→ WORK REQUEST: Your task is to repeat the entries word for word while leaving out the pictures.
*** DATASET EXCERPTS
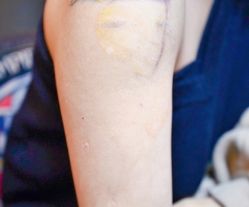 文字-新肤洗纹身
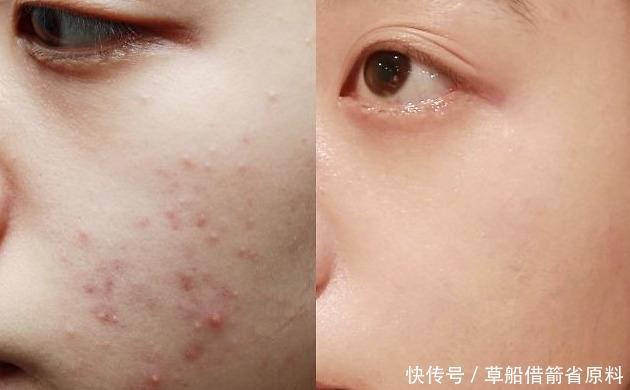 冤枉钱:细数你这些年花过的冤枉钱,护肤品行业的10个套路,小心毁脸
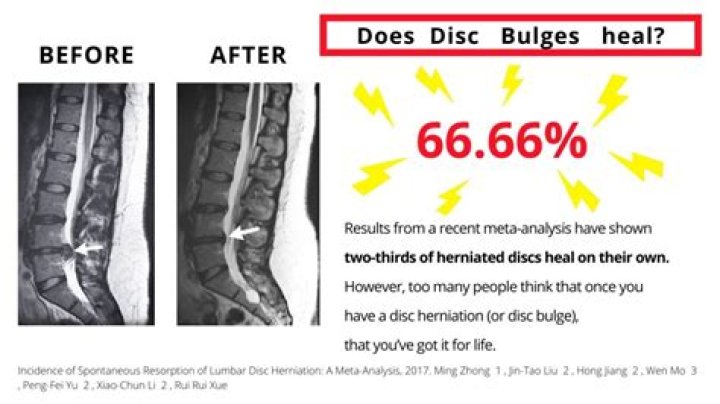 How long does it take for a disc to rot?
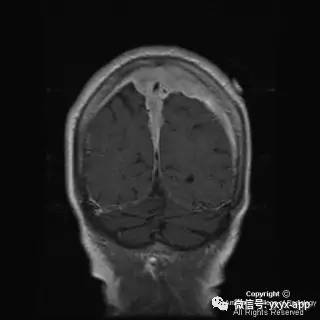 【病例】硬脑膜浆细胞瘤1例MR影像表现 【病例】硬脑膜浆细胞瘤1例MR影像表现
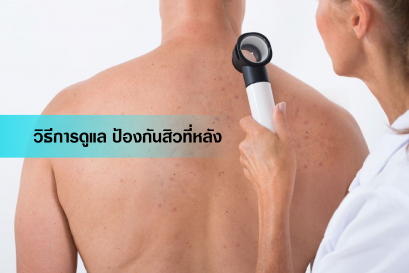 สิวที่หลัง (back acne หรือ #bacne) เป็นปัญหากวนใจสำหรับหลายๆท่านครับ ทั้งคัน เจ็บ เป็นรอยไม่สวย
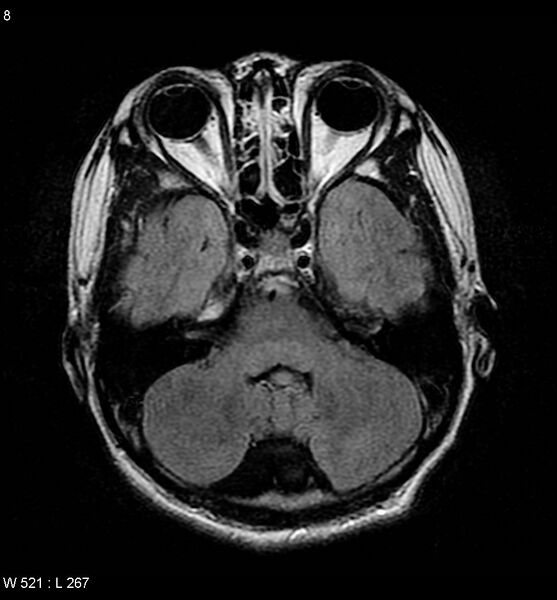 File:Aicardi syndrome (Radiopaedia 5353-7117 Axial FLAIR 3).jpg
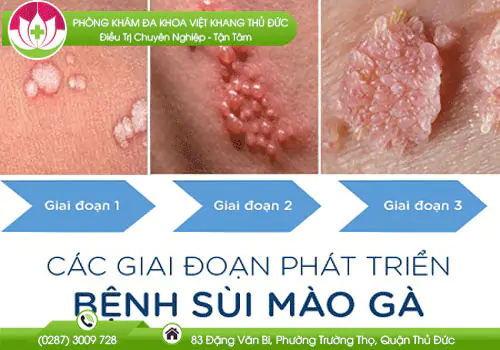 cac-giai-doan-cua-benh-ly-sui-mao-ga-709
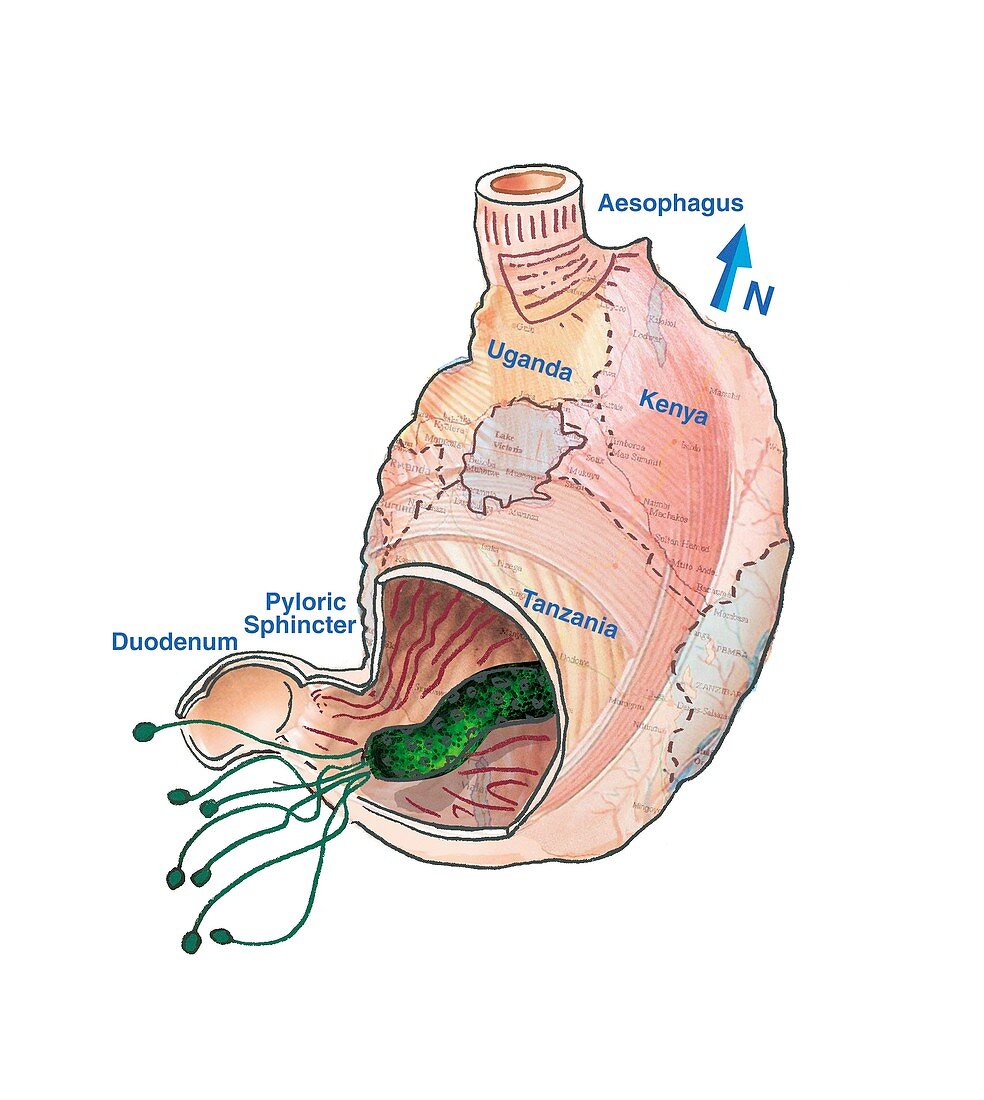 Stomach ulcer bacteria origins,artwork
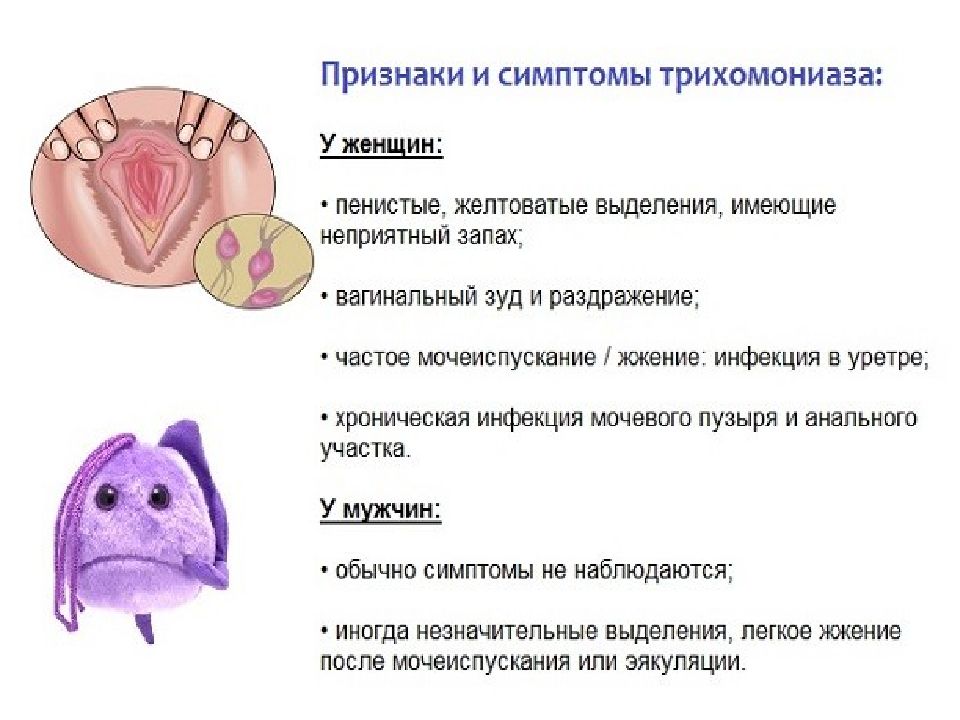 Трихомониаз у женщин. Трихомониаз полипы молочница. Трихомоноз источник инфекции. Трихомониаз симптомы у женщин.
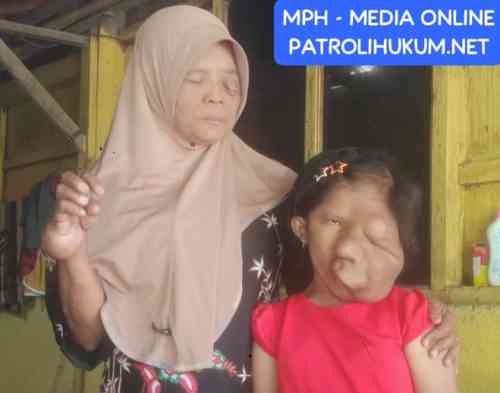 Mohon Bantuan ke Presiden RI Prabowo Subianto. Ibu & Anak Di Sragen Berjuang Melawan Kanker di Tengah Himpitan Ekonom Mohon Bantuan ke Presiden RI Prabowo Subianto. Ibu & Anak Di Sragen Berjuang Melawan Kanker di Tengah Himpitan Ekonom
******
→ WRITTEN SOLUTION:
 文字-新肤洗纹身
 冤枉钱:细数你这些年花过的冤枉钱,护肤品行业的10个套路,小心毁脸
 How long does it take for a disc to rot?
 【病例】硬脑膜浆细胞瘤1例MR影像表现 【病例】硬脑膜浆细胞瘤1例MR影像表现
 สิวที่หลัง (back acne หรือ #bacne) เป็นปัญหากวนใจสำหรับหลายๆท่านครับ ทั้งคัน เจ็บ เป็นรอยไม่สวย
 File:Aicardi syndrome (Radiopaedia 5353-7117 Axial FLAIR 3).jpg
 cac-giai-doan-cua-benh-ly-sui-mao-ga-709
 Stomach ulcer bacteria origins,artwork
 Трихомониаз у женщин. Трихомониаз полипы молочница. Трихомоноз источник инфекции. Трихомониаз симптомы у женщин.
 Mohon Bantuan ke Presiden RI Prabowo Subianto. Ibu & Anak Di Sragen Berjuang Melawan Kanker di Tengah Himpitan Ekonom Mohon Bantuan ke Presiden RI Prabowo Subianto. Ibu & Anak Di Sragen Berjuang Melawan Kanker di Tengah Himpitan Ekonom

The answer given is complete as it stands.